Non so, Il nome della rosa mi ha sempre fatto paura e messo un po’ di soggezione.
E invece…
A parte lo scoglio iniziale e i tanti termini latini (persino parti intere) ed eruditi (così com’era il nostro grande prof. del DAMS), il romanzo è riuscito a coinvolgermi sin dalle prime pagine per l’aura di mistero di cui è intrisa ogni sua pagina.
Già il fatto stesso che Eco spieghi, nella sua introduzione, di aver preso le mosse da un manoscritto ritrovato, opera di un monaco di nome Adso da Melk è molto affascinante e ricco di pathos.
E così ci si mette in cammino con il giovane Adso la cui voce, da giovane, si alterna a quella da anziano, dato che narra in prima persona i fatti vissuti da novizio, nel 1327, in un’abbazia del nord Italia non lontano dalla Francia, in compagnia del proprio maestro Guglielmo da Baskerville.

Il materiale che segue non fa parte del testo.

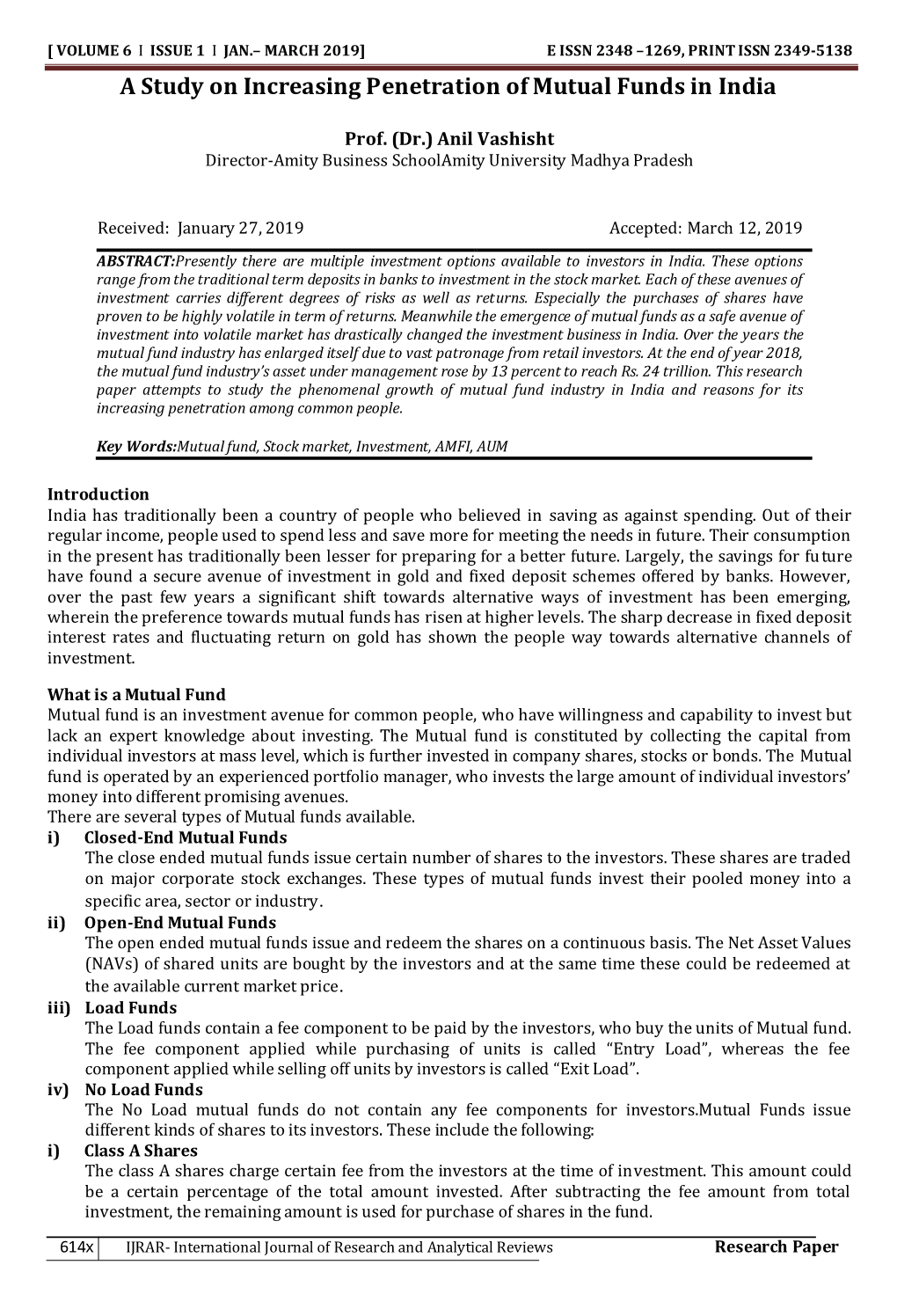 A Study on Increasing Penetration of Mutual Funds in India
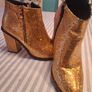 Customised gold glitter boots Image 3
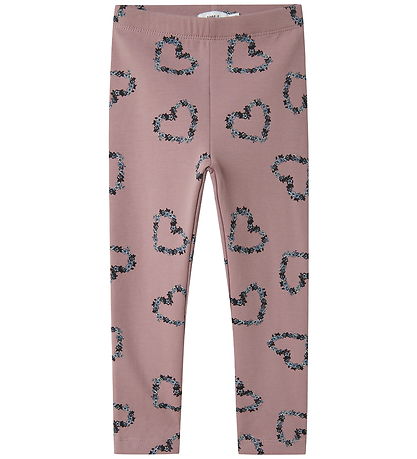Name It Leggings m. Fleece - NmfOlukria - Toadstool m. Hjerter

Per sette giornate, scandite dai ritmi della vita monastica, si assiste a un crescendo di situazioni, misteri, complotti, uccisioni misteriose che Adso e il maestro Gugliemo cercheranno di risolvere.
Senza entrare nei dettagli della storia, dico solo che per me è stato un bellissimo tuffo in epoca medievale, tra monaci dell’ordine francescano e benedettino, ai tempi delle lotte tra impero e papato e delle persecuzioni di eretici e ordini minori.
La biblioteca dell’abbazia è ricettacolo di misteri, un labirinto in cui si protegge un libro in particolare…Ma quale? E perché?
In un’abbazia in cui “si respira aria di reticenza, tutti tacciono qualcosa….“, Adelmo, Venanzio, Berengario vengono uccisi. Da chi? Come? Cosa sapevano? Quale libro custodivano…?
Vi lascio con un indizio:
Ho letto questo libro nella bellissima edizione arricchita coi disegni e gli appunti preparatori dell’autore, pubblicata quest’anno da La Nave di Teseo, casa editrice fondata dallo stesso Eco.